--- START ---
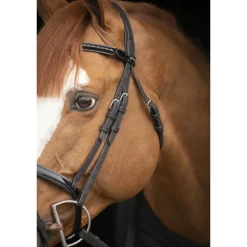 Bridon Oxford - Noir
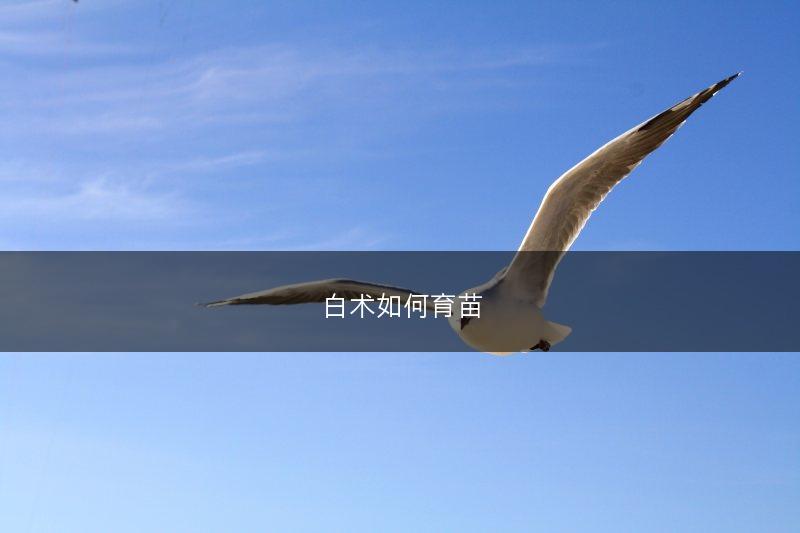 白术如何育苗(图1)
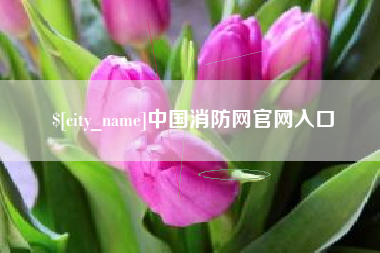 资阳中国消防网官网入口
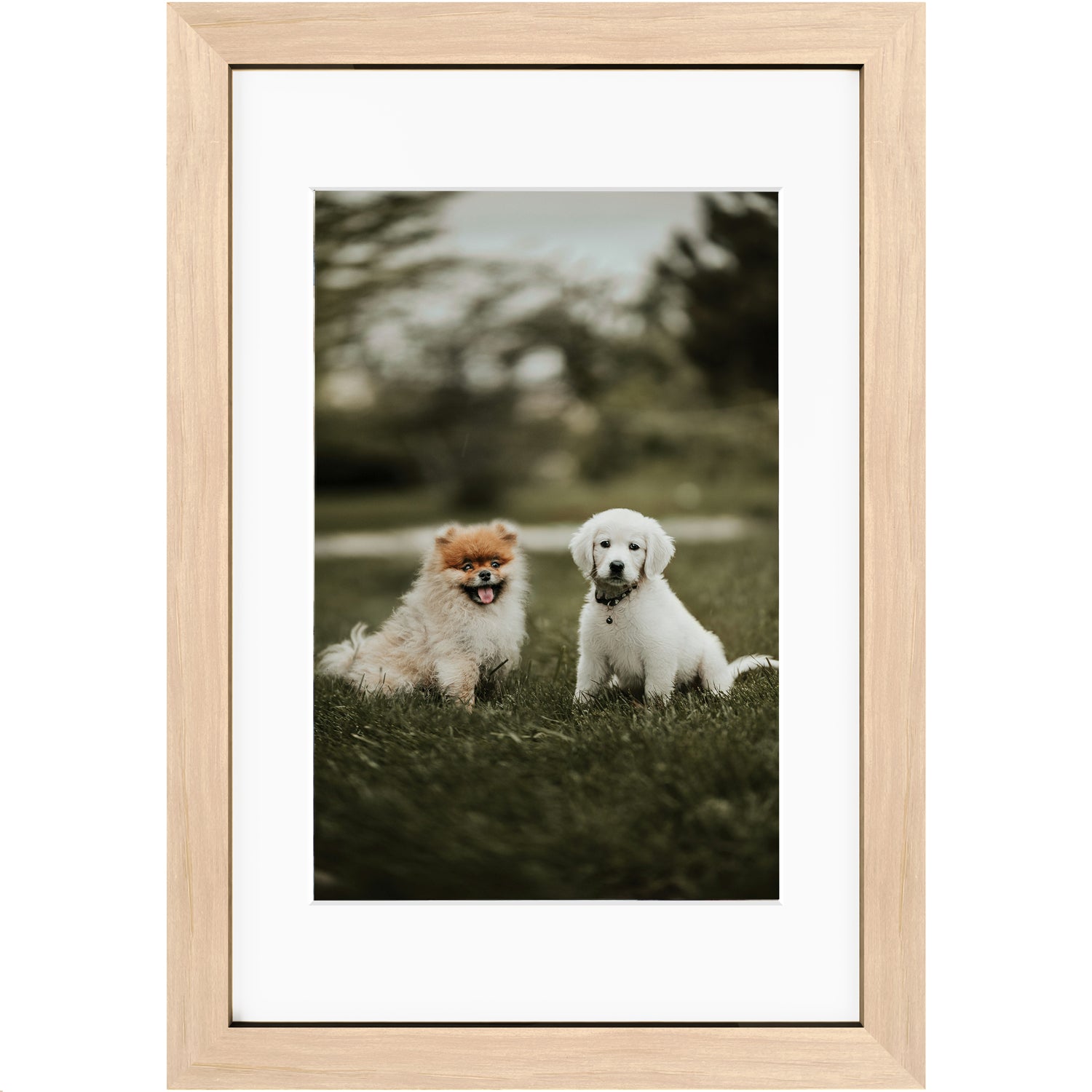 Custom 12x18 Framed Photo Print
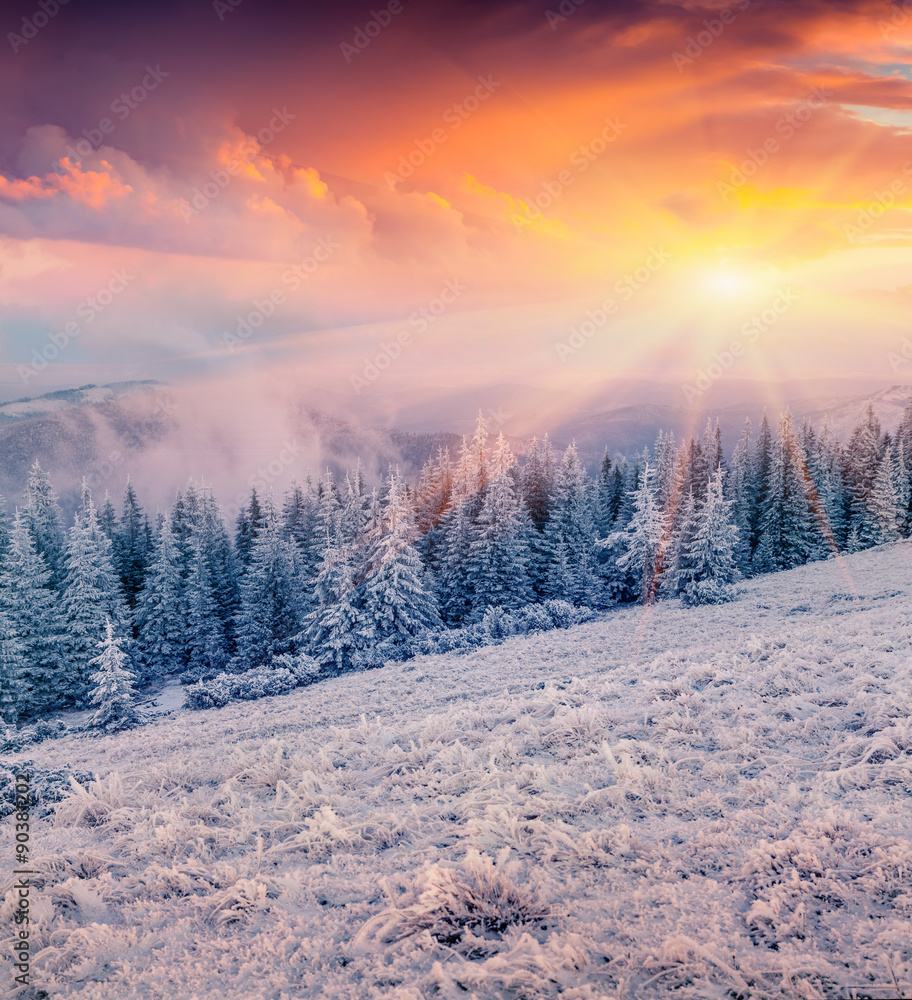 Colorful winter sunrise in the mountain forest
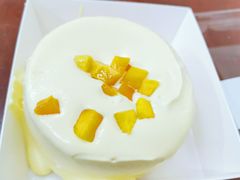 芒果流心蛋糕-糕小爱·动物奶油生日蛋糕定制(合肥总店)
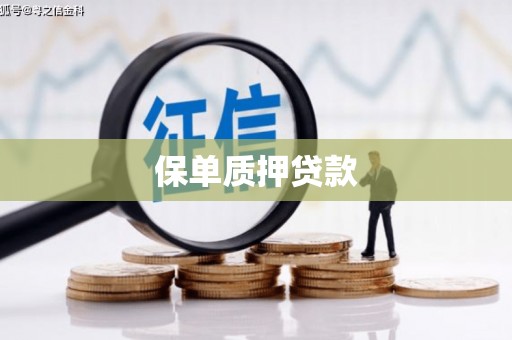 广平保单质押贷款
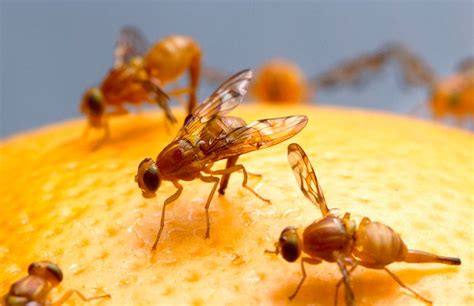 Las mosquitos de la fruta   Salud Ambiental   Control de plagas urbanas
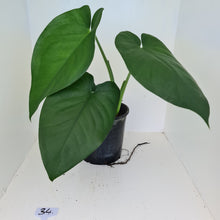 Load image into Gallery viewer, #34 Large Syngonium Chiapense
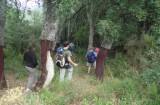 Alzines sureres camí de Riells.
--- END ---
• Problem details: The line containing "芒果流心蛋糕-糕小爱·动物奶油生日蛋糕定制(合肥总店)" and each line after it through the end of the listing above are to be written out exactly, without the pictures.

• Answer box:
 芒果流心蛋糕-糕小爱·动物奶油生日蛋糕定制(合肥总店)
 广平保单质押贷款
 Las mosquitos de la fruta   Salud Ambiental   Control de plagas urbanas
 Load image into Gallery viewer, #34 Large Syngonium Chiapense
 Alzines sureres camí de Riells.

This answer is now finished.